Exercise prompt:
The line that contains "Photo of Bedroom in Kurwongbah" marks the start. Please set it down, with every later line of the data, exactly and without pictures.

Data provided:
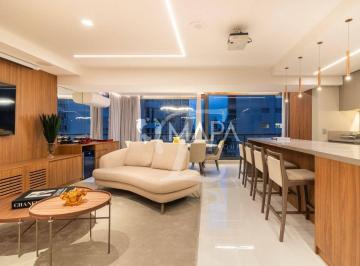 1f4a29521b766c0efd9a56d50f52f5b1d36db5ea · Penthouse para alugar, 172 m² por R$ 54.058,00/mês - Itaim Bibi - São Paulo/SP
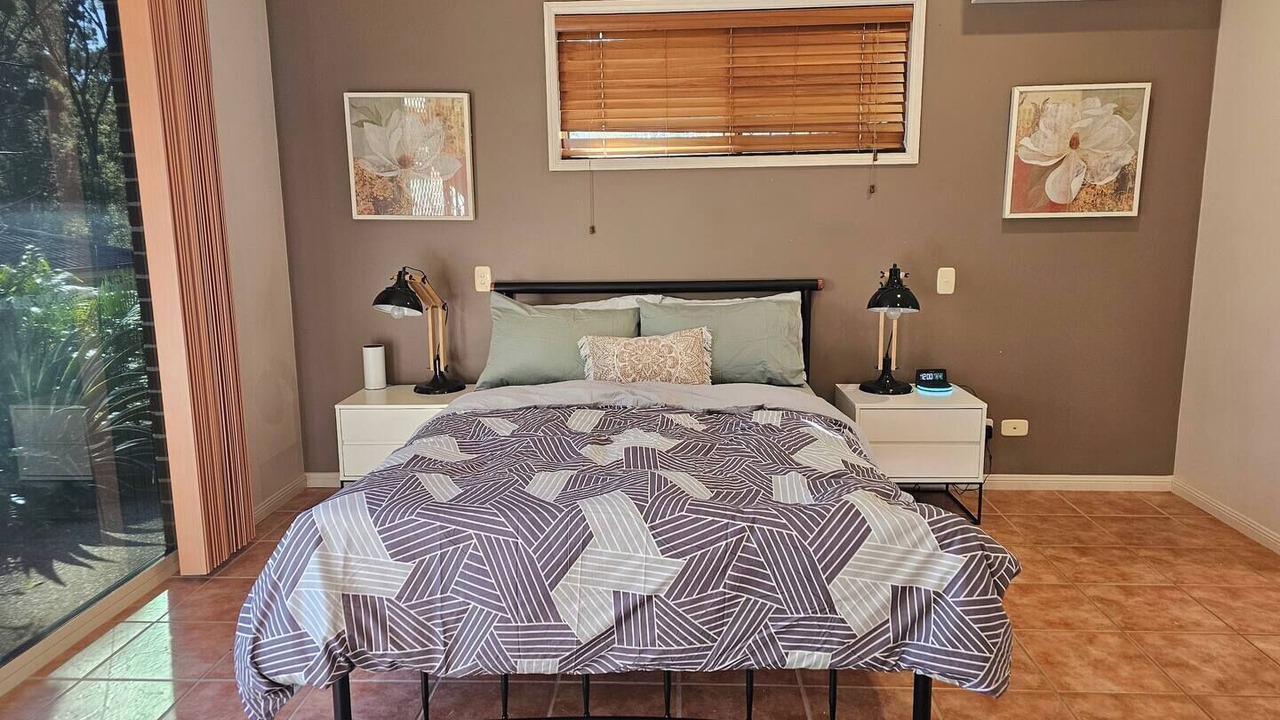 Photo of Bedroom in Kurwongbah
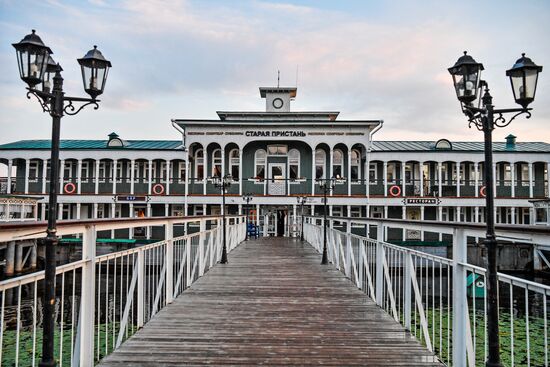 #Discovering Russia. Kostroma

Written response:
 Photo of Bedroom in Kurwongbah
 #Discovering Russia. Kostroma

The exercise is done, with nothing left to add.